Out-Law News 2 min. read

Insurers should innovate in wake of Hurricane Harvey, says expert


The catastrophic flooding caused by Hurricane Harvey in Texas will not have a significant impact on the insurance and reinsurance markets, despite the damage caused to thousands of homes, an expert has said.

Insurance law expert Nick Bradley of Pinsent Masons, the law firm behind Out-Law.com, said only a small proportion of homes in the US have insurance covering flood damage, and suggested there was scope for the insurance industry to innovate more to offer products protecting communities from such catastrophes.

“Hurricane Harvey has caused extensive damage to property, both residential and commercial, across several of the southern states in the US, including severe disruption and loss in its fourth largest city, Houston. Yet, despite predicted economic loss in the range of $30 billion to $90bn, insured losses are forecast to be only in the range of $6bn to $10bn,” said Bradley. 

Analysis carried out by the University of Wisconsin's Space Science and Engineering Center and reported by the Washington Post suggested that Harvey was a one-in-1,000 year event which has no precedent in modern observations.

According to the analysis, 3,643 square miles of Texas was covered by more than 40 inches of rain and 28,949 square miles were covered by 20 inches of rain during the last week of August. The storm destroyed 7,000 homes and damaged another 87,000, and 50 people died.

Ratings agency Fitch last week said Harvey was unlikely to trigger ratings downgrades of individual property and casualty insurers or reinsurers. Fitch said this was because indications remained that Harvey would be an earnings and not capital event for the industry.
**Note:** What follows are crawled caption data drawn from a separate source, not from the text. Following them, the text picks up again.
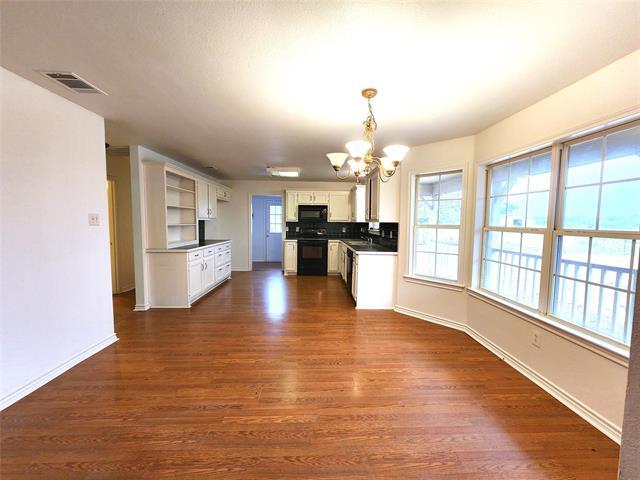Foto del edificio - 3701 Haynes Rd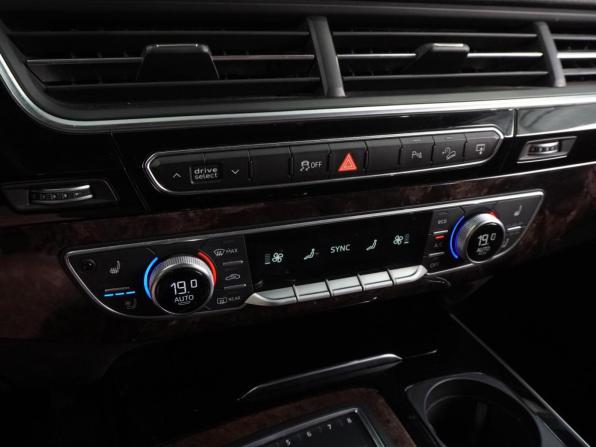 Audi Q7 II (4M) с пробегом 2015 года, цена 3 763 000 рублей, 192009 км, внедорожник, Автокод Объявления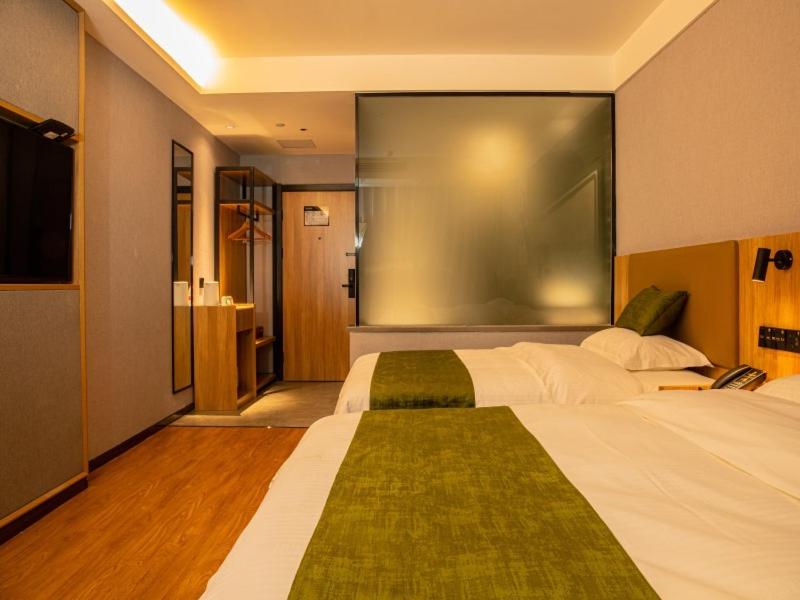 Deluxe Double Room photo 2
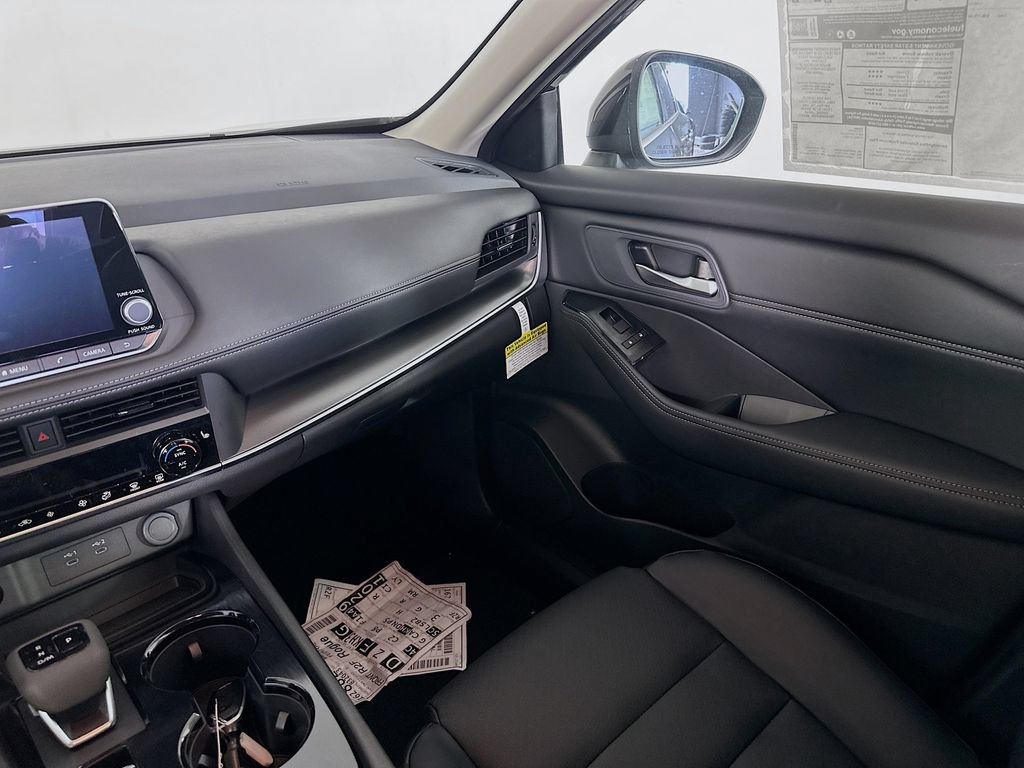 New 2026 Nissan Rogue Dark Armor AWD/4WD image 31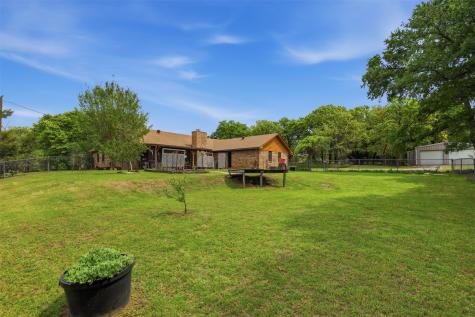 8076 County Road 1202 Cleburne TX 76031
The agency said it believed a large proportion of economic losses would be uninsured or covered by the US government's National Flood Insurance Program (NFIP), as losses are likely to be more heavily flood-related than wind-related. The NFIP currently has $23bn of debt owed to the US Treasury with a total borrowing capacity of $30.4bn, which could be reached with losses related to Harvey, according to Fitch.

Fitch added that because there were 25 reinsurers providing flood reinsurance protection to the NFIP the individual loss sustained by each should be “manageable”.

Bradley agreed with Fitch's analysis.

“One of the reasons for the large gap is because much of the loss is flood damage to residential property not covered by insurance. Some of it will be covered by the NFIP, some of which is reinsured in the international reinsurance markets, but not everyone has that protection,” Bradley said.

“On the flip side, although this is a catastrophe, insurance and reinsurance markets will take this loss in their stride. It is not seen as a market-moving event, because of the amount of capital in the markets. No doubt there will be disputes as to coverage, around issues such as causation, wind versus flood damage, aggregation, but unless Irma or other hurricanes follow up with more severe damage to the same areas, rates are unlikely to move,” Bradley said.

“It indicates that there may be scope for a wider role for insurance markets, even in the most developed economy,” Bradley said, pointing to the amount of spare market capacity available.